Donna Doyle también estaba sola; pero como estaba desquiciada por la agonía, la introspección era un lujo que no estaba a su alcance en aquellos momentos. La primera vez que se había despertado por completo de un sueño irregular se había sentido lo suficientemente fuerte como para explorar la prisión. Aún tenía tanto miedo que se veía sobrepasada, pero ya no la paralizaba. No sabía dónde estaba pero, desde luego, era un lugar tan oscuro como una tumba y tenía el mismo olor húmedo que el de la pequeña carbonera de su casa. Usó el brazo que le quedaba sano para hacerse a la idea de dónde se encontraba y qué había a su alrededor. Al rato, le pareció que estaba sobre un colchón cubierto por una funda de plástico. Exploró los bordes con las yemas de los dedos y notó baldosas… pero no tan lisas como las de cerámica que tenían en el lavabo de casa, sino como esas de terracota brillantes que había en los escalones del invernadero de la madre de Sarah Dyson. La pared que tenía detrás era de piedra rugosa.
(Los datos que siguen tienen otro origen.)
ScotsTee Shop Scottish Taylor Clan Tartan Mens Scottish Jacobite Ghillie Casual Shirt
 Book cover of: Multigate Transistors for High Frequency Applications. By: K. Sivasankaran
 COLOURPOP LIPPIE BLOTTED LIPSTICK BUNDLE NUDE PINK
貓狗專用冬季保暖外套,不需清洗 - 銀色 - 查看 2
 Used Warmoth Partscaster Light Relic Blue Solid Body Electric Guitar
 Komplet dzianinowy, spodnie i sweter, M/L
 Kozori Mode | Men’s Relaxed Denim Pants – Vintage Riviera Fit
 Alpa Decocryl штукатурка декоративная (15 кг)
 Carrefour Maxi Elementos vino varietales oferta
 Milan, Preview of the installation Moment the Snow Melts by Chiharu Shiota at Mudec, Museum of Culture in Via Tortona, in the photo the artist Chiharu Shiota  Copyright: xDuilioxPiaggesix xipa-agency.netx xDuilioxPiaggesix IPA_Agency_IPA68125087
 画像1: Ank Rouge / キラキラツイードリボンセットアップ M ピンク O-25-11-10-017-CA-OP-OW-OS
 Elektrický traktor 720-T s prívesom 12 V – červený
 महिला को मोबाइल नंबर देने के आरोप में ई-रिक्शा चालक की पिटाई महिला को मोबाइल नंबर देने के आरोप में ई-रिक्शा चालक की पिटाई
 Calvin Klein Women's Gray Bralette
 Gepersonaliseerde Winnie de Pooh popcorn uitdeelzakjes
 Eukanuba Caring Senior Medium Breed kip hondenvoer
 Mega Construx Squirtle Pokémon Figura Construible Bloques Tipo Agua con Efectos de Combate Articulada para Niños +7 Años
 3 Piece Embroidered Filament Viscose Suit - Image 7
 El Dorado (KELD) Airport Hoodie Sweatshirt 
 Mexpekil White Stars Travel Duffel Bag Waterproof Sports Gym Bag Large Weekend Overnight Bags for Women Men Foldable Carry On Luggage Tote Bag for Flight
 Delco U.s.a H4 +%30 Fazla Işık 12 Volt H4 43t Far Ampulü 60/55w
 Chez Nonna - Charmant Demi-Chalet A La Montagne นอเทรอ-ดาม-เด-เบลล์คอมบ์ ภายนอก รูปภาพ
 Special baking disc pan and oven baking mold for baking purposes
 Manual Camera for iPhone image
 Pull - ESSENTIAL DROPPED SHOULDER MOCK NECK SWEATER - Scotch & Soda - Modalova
Se puso de pie con gran dificultad y fue entonces cuando se dio cuenta de que llevaba grilletes en los tobillos. Se agachó y los recorrió con los dedos… estaban atados a una cadena pesada. Con una sola mano le resultaba imposible determinar lo larga que era. Dio cuatro pasos dubitativos y llegó a una esquina. Giró noventa grados y siguió adelante. Nada más dar dos pasos se dio un golpe muy doloroso en la espinilla con algo sólido. No tardó en darse cuenta —tanto por el tacto como por el olor— de que se trataba de un inodoro químico. Irónicamente, se sintió agradecida, se sentó en él y vació la vejiga.
Aquello no sirvió más que para recordarle lo sedienta que estaba. No sabía determinar si tenía hambre, pero sed, desde luego, tenía muchísima. Se levantó y siguió adelante, pero no pudo avanzar más que unos centímetros porque la cadena no daba más de sí. El tirón le causó tal dolor que le llegó hasta el brazo y de allí le pasó al cuello y a la cabeza. Ahogó un grito. Poco a poco, se encorvó como una mujer mayor, volvió sobre sus pasos y fue al otro lado del colchón sin dejar de tantear la pared con la mano.
No tuvo que avanzar mucho por ese lado para que la incógnita del hambre y de la sed quedara resuelta. Primero, encontró un grifo metálico por el que salía un chorro de agua helada y se dejó caer de rodillas para poner la boca debajo y beber ávidamente de él. Al hacerlo, tiró algo al suelo. Una vez aplacada la sed, tanteó a ciegas para ver qué es lo que había tirado. Sus dedos, inquisitivos, descubrieron que se trataba de cuatro cajas altas, anchas y estrechas. Las agitó y reconoció el característico sonido de los cereales.
Tras una hora de investigación, se dio cuenta de que aquello era todo. Cuatro cajas de cereales y tanta agua fresca como quisiera. Había puesto el brazo destrozado debajo del chorro de agua, pero el dolor se había intensificado y había hecho que le diera vueltas la cabeza. Y eso era todo. El cabrón la había dejado atada como un perro… ¿para que muriera allí?
Se había quedado en cuclillas, como una madre desamparada.
Ya habían pasado dos días de aquello. A esas alturas, el dolor hacía que delirara, que gimiera y farfullara, y que, de vez en cuando, se desmayara. El cansancio era tal que, a veces, conseguía dormir, pero su sueño era inquieto. Si hubiera sabido en qué estado se encontraba, no habría querido seguir viviendo.